After breakfast, the group enters the primary forest: not on a prepared trail, but through actual forest terrain, navigated by a guide who grew up reading this landscape. Plant identification, animal tracking, the logic of Amazonian biodiversity. The afternoon descends to the water: piranha fishing by canoe in the channels adjacent to the lodge. By evening, the group prepares for departure toward the deep forest the following morning.
Day 3 — Deep Forest
Canoe to Lago do Arara & Tapiri Camp Setup
The third day moves away from the lodge and deeper into the Amazon. By canoe through the main river channel and then into progressively narrower waterways — the igarapé creeks that thread through the flooded forest — to Lago do Arara: a remote, black-water lake in primary forest accessible only by canoe.
At the lake, the guide builds the tapiri: a traditional Amazonian forest shelter, constructed from palm leaves and branches, low-slung and effective against rain. This is the basic unit of Amazonian forest survival, used by indigenous people and caboclo hunters for centuries to spend nights in the forest without the weight of modern camping equipment. The group participates in the construction — not as theatre, but as a practical introduction to how life in this forest actually works. First camp fire. First night at Lago do Arara.
Day 4 — Survival
Survival Techniques & Deep Forest Exploration
The fourth day is given to the forest on its own terms. Survival skills are taught and practised — not as part of an adventure-sport curriculum but as genuine practical knowledge: reading the forest for water sources, identifying edible plants, fire-making without manufactured materials, navigation by canopy and current. These are the techniques that the guide's ancestors needed to move through this forest, and they reveal the logic of the ecosystem in ways that walking-tour formats cannot.

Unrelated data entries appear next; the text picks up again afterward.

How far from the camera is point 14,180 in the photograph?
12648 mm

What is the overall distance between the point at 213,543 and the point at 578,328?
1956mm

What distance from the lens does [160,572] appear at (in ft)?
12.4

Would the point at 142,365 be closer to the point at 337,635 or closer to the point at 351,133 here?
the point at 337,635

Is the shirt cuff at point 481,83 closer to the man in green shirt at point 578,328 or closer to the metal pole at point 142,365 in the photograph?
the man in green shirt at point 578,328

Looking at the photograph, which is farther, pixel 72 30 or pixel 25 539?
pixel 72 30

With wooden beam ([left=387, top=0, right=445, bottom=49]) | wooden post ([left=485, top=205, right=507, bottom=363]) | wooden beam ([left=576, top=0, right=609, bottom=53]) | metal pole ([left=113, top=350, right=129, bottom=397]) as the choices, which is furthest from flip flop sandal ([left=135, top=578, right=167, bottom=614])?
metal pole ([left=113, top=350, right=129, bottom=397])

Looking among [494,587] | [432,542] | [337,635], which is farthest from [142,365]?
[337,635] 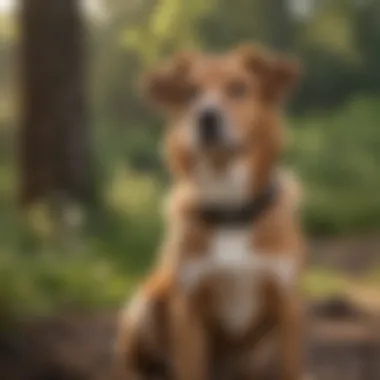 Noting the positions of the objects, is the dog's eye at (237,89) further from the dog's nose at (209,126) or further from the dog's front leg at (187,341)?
the dog's front leg at (187,341)

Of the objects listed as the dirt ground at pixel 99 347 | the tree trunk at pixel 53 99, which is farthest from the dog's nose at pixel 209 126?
the dirt ground at pixel 99 347

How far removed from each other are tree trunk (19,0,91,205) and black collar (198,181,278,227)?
0.20 meters

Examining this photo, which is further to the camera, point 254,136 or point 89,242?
point 89,242

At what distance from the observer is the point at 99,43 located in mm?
1549

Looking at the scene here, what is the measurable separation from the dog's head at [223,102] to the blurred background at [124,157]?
0.03m

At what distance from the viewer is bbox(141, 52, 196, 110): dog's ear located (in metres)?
1.47

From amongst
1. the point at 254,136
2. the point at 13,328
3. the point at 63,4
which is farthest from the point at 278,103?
the point at 13,328

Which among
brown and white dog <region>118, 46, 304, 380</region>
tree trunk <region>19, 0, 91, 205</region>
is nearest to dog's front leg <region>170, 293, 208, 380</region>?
brown and white dog <region>118, 46, 304, 380</region>

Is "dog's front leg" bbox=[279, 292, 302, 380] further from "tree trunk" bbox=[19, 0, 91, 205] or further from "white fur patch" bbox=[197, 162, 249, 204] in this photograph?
"tree trunk" bbox=[19, 0, 91, 205]

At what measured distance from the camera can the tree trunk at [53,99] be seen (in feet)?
5.07

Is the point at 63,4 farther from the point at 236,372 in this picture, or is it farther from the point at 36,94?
the point at 236,372

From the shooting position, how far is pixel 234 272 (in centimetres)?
149

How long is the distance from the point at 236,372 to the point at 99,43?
21.4 inches

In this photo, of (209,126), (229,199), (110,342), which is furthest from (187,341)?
(209,126) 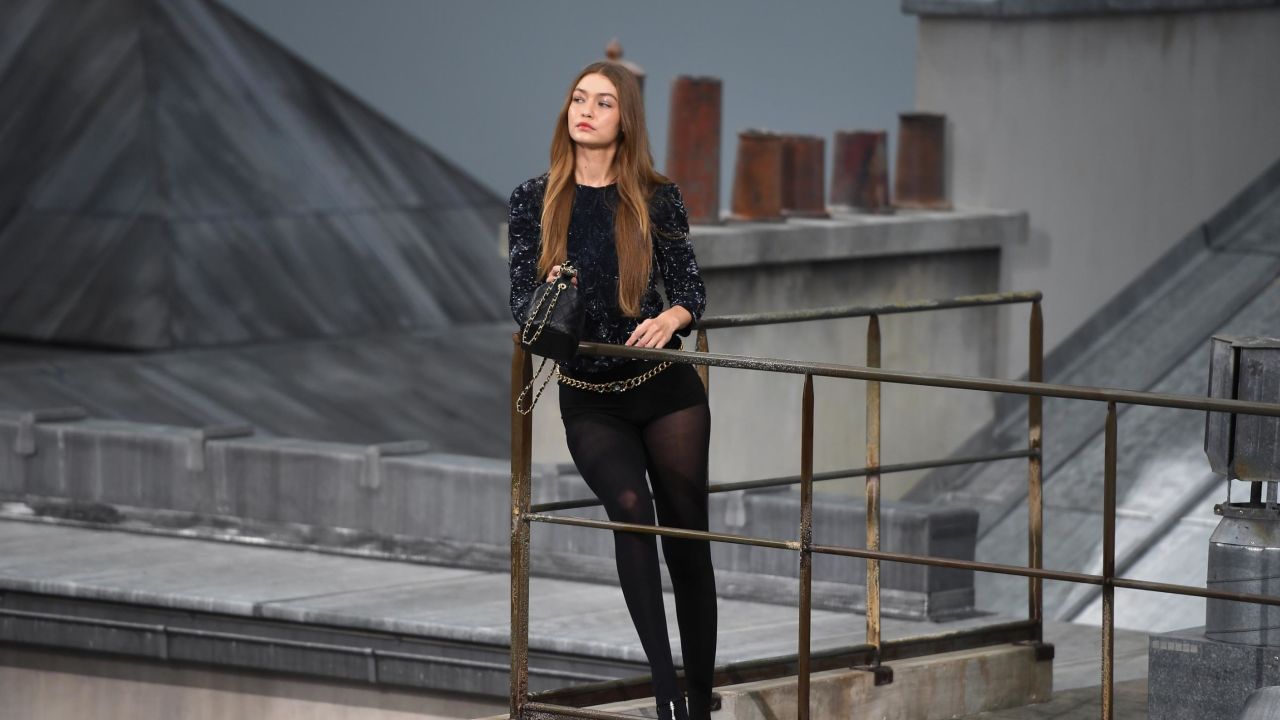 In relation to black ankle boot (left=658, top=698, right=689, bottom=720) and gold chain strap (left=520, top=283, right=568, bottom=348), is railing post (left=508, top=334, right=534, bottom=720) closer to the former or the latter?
gold chain strap (left=520, top=283, right=568, bottom=348)

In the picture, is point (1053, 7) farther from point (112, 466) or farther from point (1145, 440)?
point (112, 466)

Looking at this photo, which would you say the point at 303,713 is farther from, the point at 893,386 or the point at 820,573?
the point at 893,386

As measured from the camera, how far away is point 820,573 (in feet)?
34.8

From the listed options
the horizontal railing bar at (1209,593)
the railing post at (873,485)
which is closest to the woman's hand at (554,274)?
the railing post at (873,485)

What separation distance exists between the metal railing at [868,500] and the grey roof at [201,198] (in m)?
11.0

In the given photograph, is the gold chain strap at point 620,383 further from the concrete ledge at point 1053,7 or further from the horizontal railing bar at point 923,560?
the concrete ledge at point 1053,7

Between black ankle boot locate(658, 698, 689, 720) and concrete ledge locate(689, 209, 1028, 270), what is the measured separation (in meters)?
7.04

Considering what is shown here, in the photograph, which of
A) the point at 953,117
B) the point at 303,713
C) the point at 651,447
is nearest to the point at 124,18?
the point at 953,117

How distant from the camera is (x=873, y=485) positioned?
7.24m

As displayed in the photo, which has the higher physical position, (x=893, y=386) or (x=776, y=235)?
(x=776, y=235)

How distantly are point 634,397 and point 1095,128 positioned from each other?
9.78 metres

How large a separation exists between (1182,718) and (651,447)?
6.05 feet

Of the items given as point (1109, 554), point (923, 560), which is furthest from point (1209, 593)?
point (923, 560)

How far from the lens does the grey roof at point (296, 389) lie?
1580cm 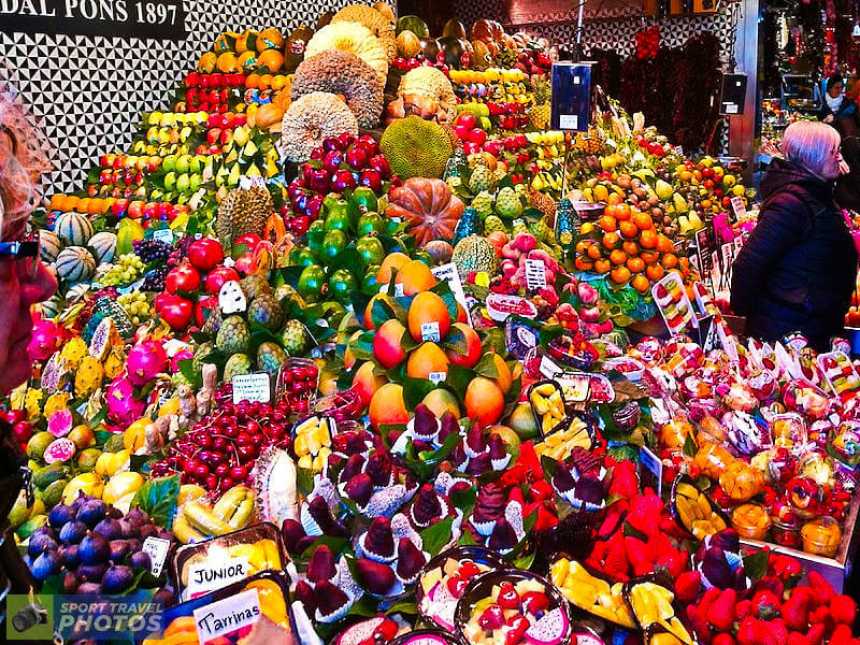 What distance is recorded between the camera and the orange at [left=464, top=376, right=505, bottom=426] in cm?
218

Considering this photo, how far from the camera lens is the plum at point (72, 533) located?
1.60 metres

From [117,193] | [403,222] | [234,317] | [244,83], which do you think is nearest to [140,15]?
[244,83]

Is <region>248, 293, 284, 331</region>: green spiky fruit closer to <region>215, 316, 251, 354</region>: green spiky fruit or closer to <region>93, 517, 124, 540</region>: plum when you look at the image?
<region>215, 316, 251, 354</region>: green spiky fruit

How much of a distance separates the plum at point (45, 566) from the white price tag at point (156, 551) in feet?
0.54

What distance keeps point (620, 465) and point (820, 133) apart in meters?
2.57

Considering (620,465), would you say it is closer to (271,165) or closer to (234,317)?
(234,317)

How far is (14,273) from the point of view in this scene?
1.15 metres

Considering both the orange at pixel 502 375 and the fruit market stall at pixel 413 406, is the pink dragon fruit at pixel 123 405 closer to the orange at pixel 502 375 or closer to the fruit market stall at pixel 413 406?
the fruit market stall at pixel 413 406

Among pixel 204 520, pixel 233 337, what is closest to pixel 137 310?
pixel 233 337

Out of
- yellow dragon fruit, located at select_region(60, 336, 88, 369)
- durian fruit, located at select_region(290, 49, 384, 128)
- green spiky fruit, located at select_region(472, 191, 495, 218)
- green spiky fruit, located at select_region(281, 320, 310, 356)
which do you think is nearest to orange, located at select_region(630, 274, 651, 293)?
green spiky fruit, located at select_region(472, 191, 495, 218)

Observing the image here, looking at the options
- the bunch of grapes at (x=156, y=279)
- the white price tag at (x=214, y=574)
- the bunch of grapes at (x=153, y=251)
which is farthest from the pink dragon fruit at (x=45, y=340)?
the white price tag at (x=214, y=574)

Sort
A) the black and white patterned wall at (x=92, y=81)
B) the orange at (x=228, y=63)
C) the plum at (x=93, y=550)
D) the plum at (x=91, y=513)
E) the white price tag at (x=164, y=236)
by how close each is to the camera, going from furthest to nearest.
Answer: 1. the orange at (x=228, y=63)
2. the black and white patterned wall at (x=92, y=81)
3. the white price tag at (x=164, y=236)
4. the plum at (x=91, y=513)
5. the plum at (x=93, y=550)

Between sessions, the group explores the Lago do Arara area on foot and by canoe — the lake and its surrounding forest in a more open, unstructured mode, following what the guide and the environment present. Sloth sightings are common in the cecropia trees along the margins; the lake itself supports substantial bird life. Second night at camp.
Day 5 — Wildlife
Wildlife Canoe — Monkeys, Sloths, Iguanas & Pink Dolphins
The fifth day is the wildlife day. By canoe through the flooded igapó forest at the hours when the Amazon is most active — early morning and late afternoon. The guide moves slowly, reading the canopy and the water simultaneously.
Woolly monkeys and howlers move through the upper canopy; three-toed sloths hang in the cecropia branches at the forest edge; green iguanas descend toward the water as the afternoon heat peaks; herons and kingfishers work the shallow margins; and in the open channels of the flooded forest, pink river dolphins — Inia geoffrensis — surface beside the canoe in the dark water, turning and diving in the channels between the trees. These are encounters that happen because the guide knows where to be, not because the animals have been conditioned or provisioned. Third and final night at camp.
Day 6 — Return
Camp Departure & Return to Manaus
The final morning at camp is unhurried: breakfast by the lake, a final look at the forest before packing out. The return journey follows the same river network that brought the group in — by canoe from Lago do Arara back to the main channel, then by motor boat to Manaus. The landscape looks different going back: familiar enough now to read, different enough from a city that the contrast is felt.
Drop-off at your Manaus hotel or the international airport. The guide assists with logistics either way.